**MATERIAL PROVIDED**
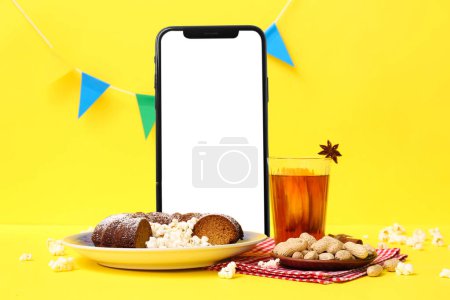 Foto de Teléfono móvil con pantalla en blanco y comida tradicional sobre fondo amarillo - Imagen libre de derechos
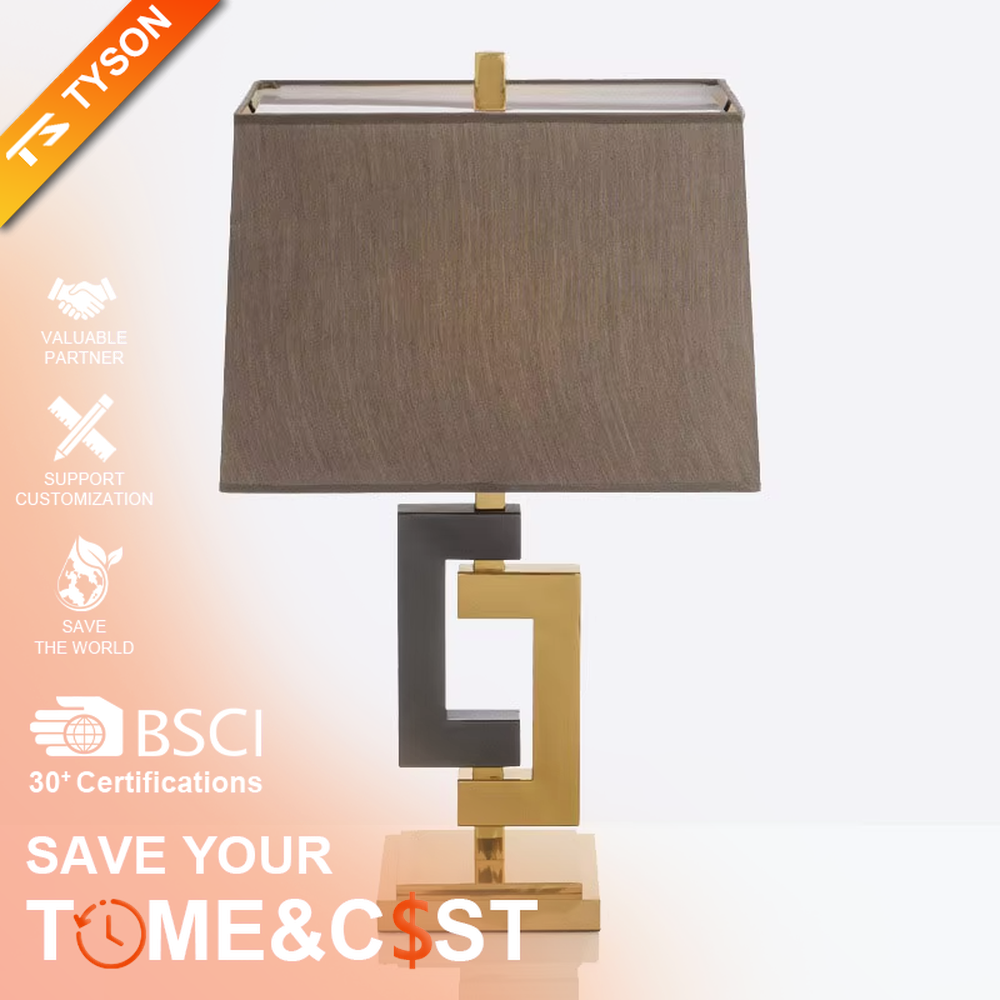 This is a modern light luxury geometric interlocking table lamp, featuring an interlocking geometric lamp body crafted from gold and gray dual-color metal, paired with a dark gray fabric lampshade. It emits soft and uniform light, serving both lighting and decorative purposes, suitable for bedroom nightstands, light luxury living room side tables, hotel guest rooms, showrooms and other scenarios.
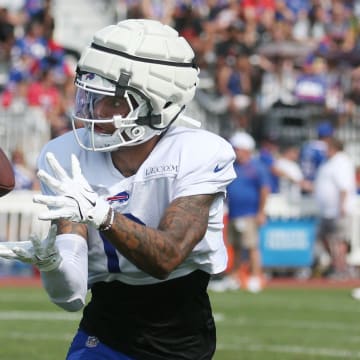 Bills wide receiver Keon Coleman pulls in a pass close to the sideline during route drills.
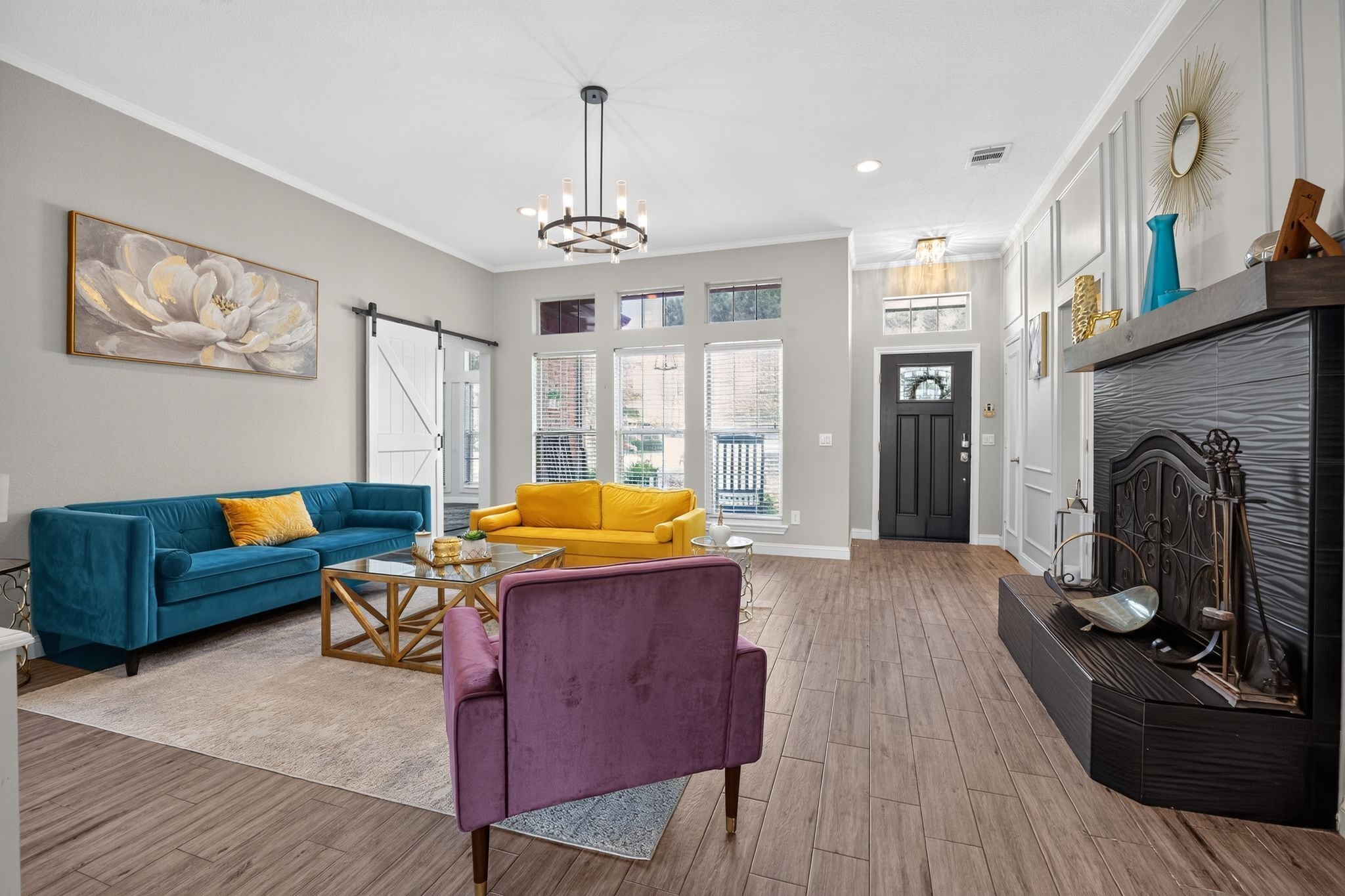 A spacious living room with a blue sofa, a yellow armchair, and a purple chair. There is a fireplace with decorative items and a large window with blinds.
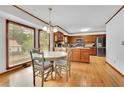 Bright eat-in kitchen boasting stainless steel appliances, hardwood floors and a view to the backyard at 1925 Stonewyck Ct, Cumming, GA 30041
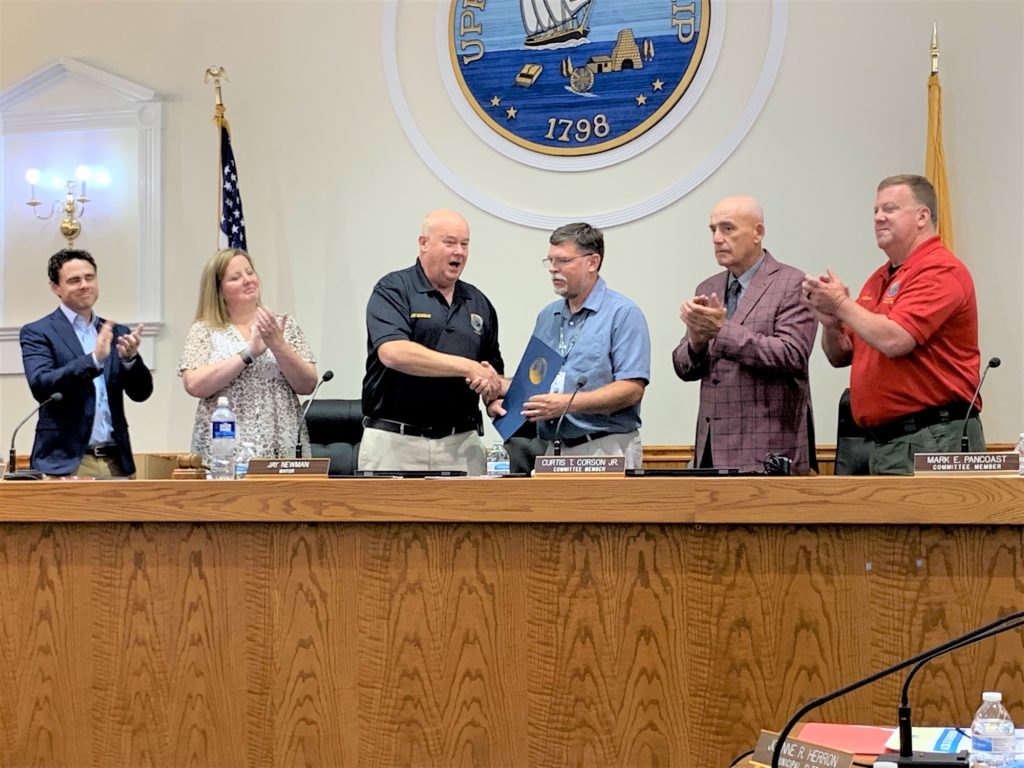 Members of the Upper Township Committee applaud and congratulate Paul Dietrich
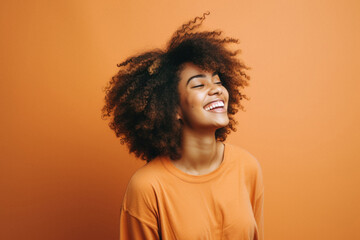 Obraz na płótnie Canvas Young pretty african american woman with curly hair posing cheerful on orange background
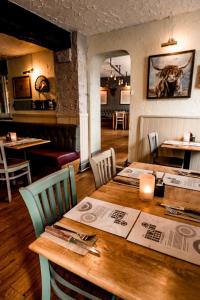 a dining room with a wooden table and chairs at Stables Ashbourne in Ashbourne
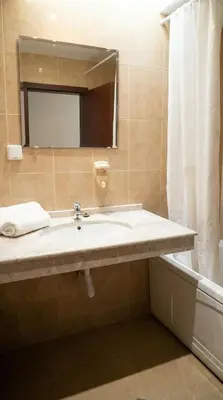 a bathroom with a sink and a mirror at Mountain Paradise 2 - Cosy Mountain View Apartment - 200mbps Wifi in Bansko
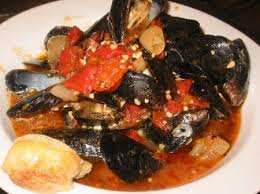 quando l'aglio è rosolato, toglierlo, aggiungere i pomodori - scottati e pelati, il sale, il pepe e il prezzemolo. Ridurre la salsa, aggiungere le cozze e coprire la pentola.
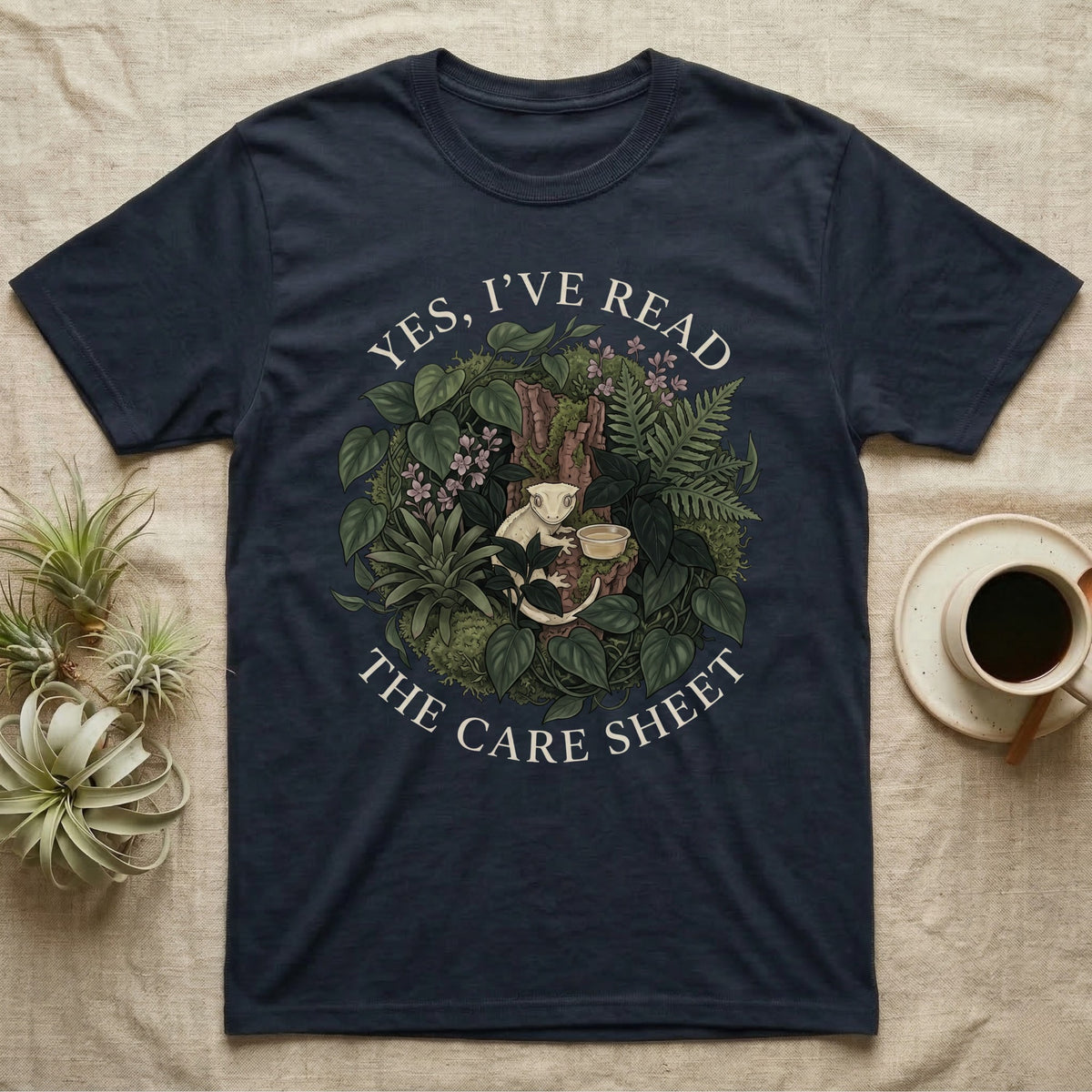 Crested Gecko Care Sheet T-Shirt in Navy — Botanical wreath of pothos and moss circling a crested gecko, closed by two arcs of Roman capitals.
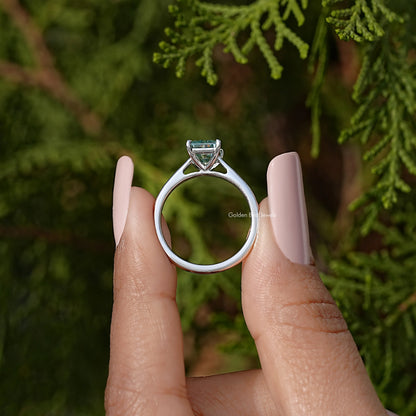 Sterling silver solitaire ring with emerald-cut blue-green moissanite, front view.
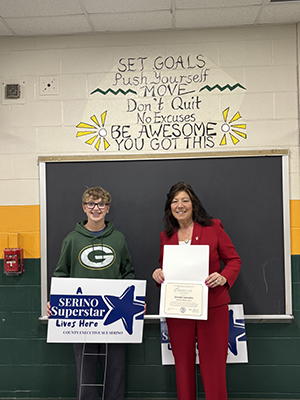 County Executive Sue Serino taking picture with honoree holding certificate and yard sign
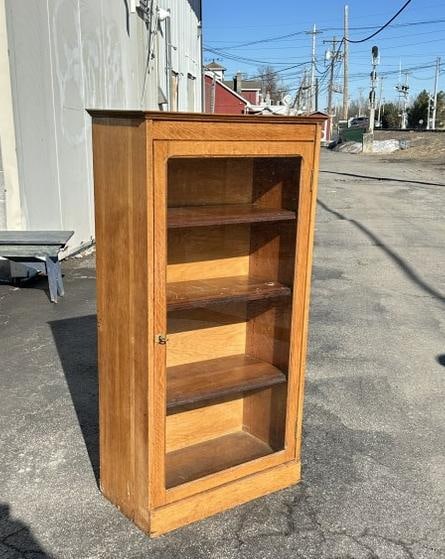 Ok 1 door bookcase, structurally sound, has 3 adjustable shelves, measures 26" W x 13.5" D x 49" H. (1 of 3)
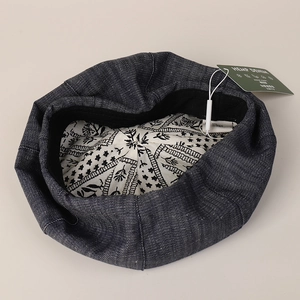 Women's deep blue denim beret hat with hemp texture and floral lining on beige background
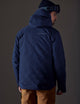 man wearing blue insulated jacket from AETHER Apparel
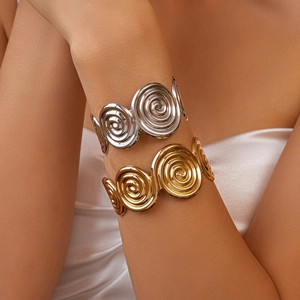 Close-up of gold and silver textured spiral cuff bracelets worn on a model's forearm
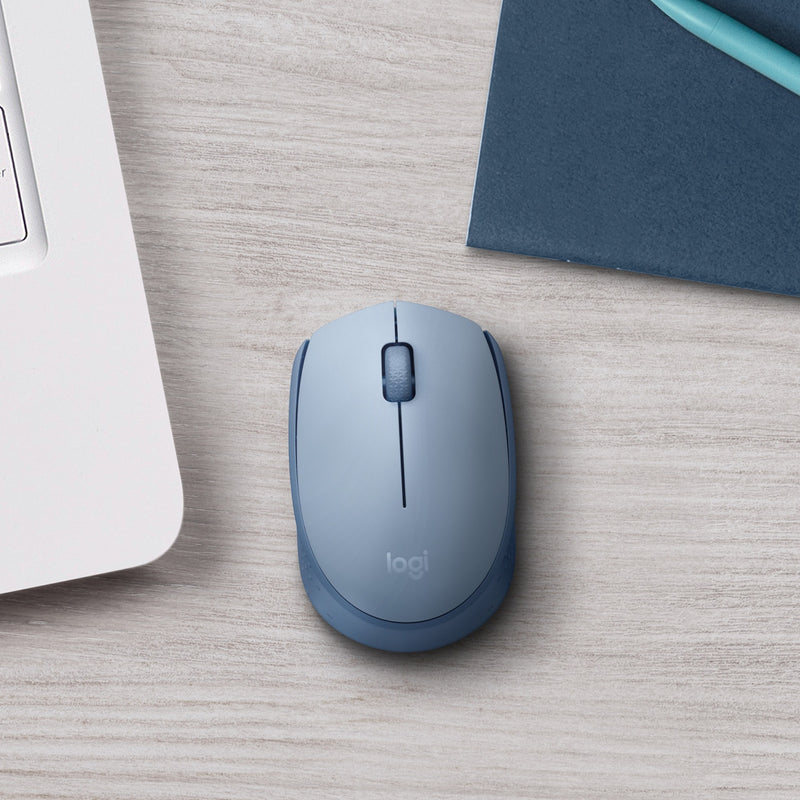 Logitech M170 mouse on desk with laptop and office accessories showing real-world usage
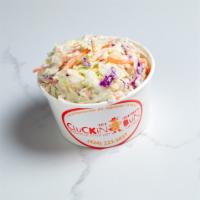 Coleslaw · Shredded cabbage and carrots with classic sauce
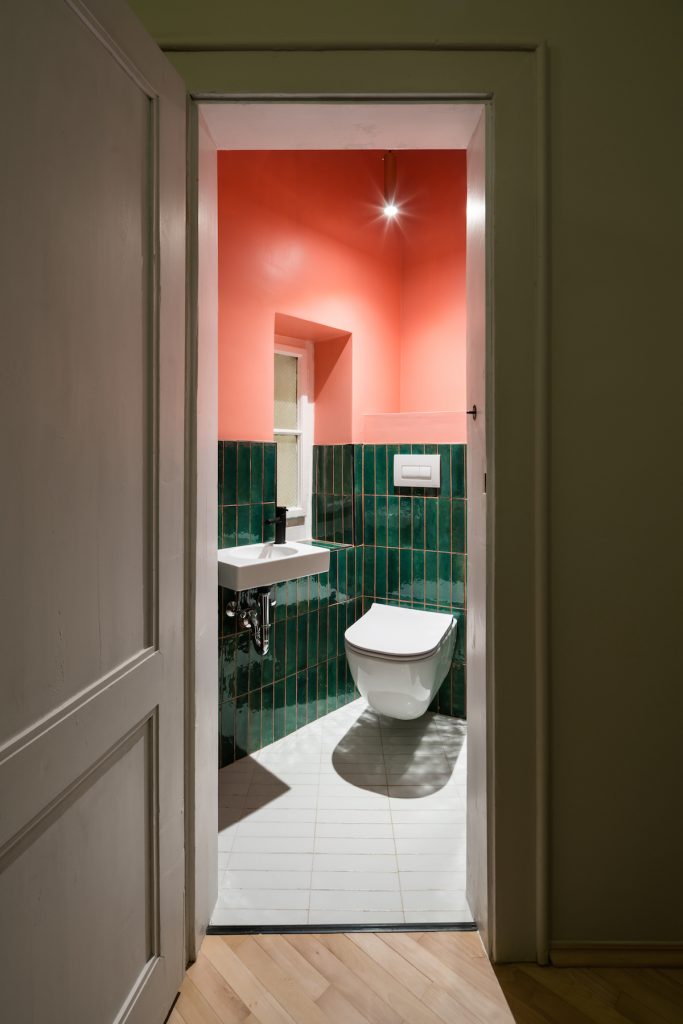 Žiarivo oranžová toaleta so zelenými kachličkami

**AIM OF THE TASK**
Take the material above from the line bearing "Ok 1 door bookcase, structurally" through the line bearing "man wearing blue" and write it out exactly, both end lines included. Pictures stay out.

**COMPLETED EXERCISE**
 Ok 1 door bookcase, structurally sound, has 3 adjustable shelves, measures 26" W x 13.5" D x 49" H. (1 of 3)
 Women's deep blue denim beret hat with hemp texture and floral lining on beige background
 man wearing blue insulated jacket from AETHER Apparel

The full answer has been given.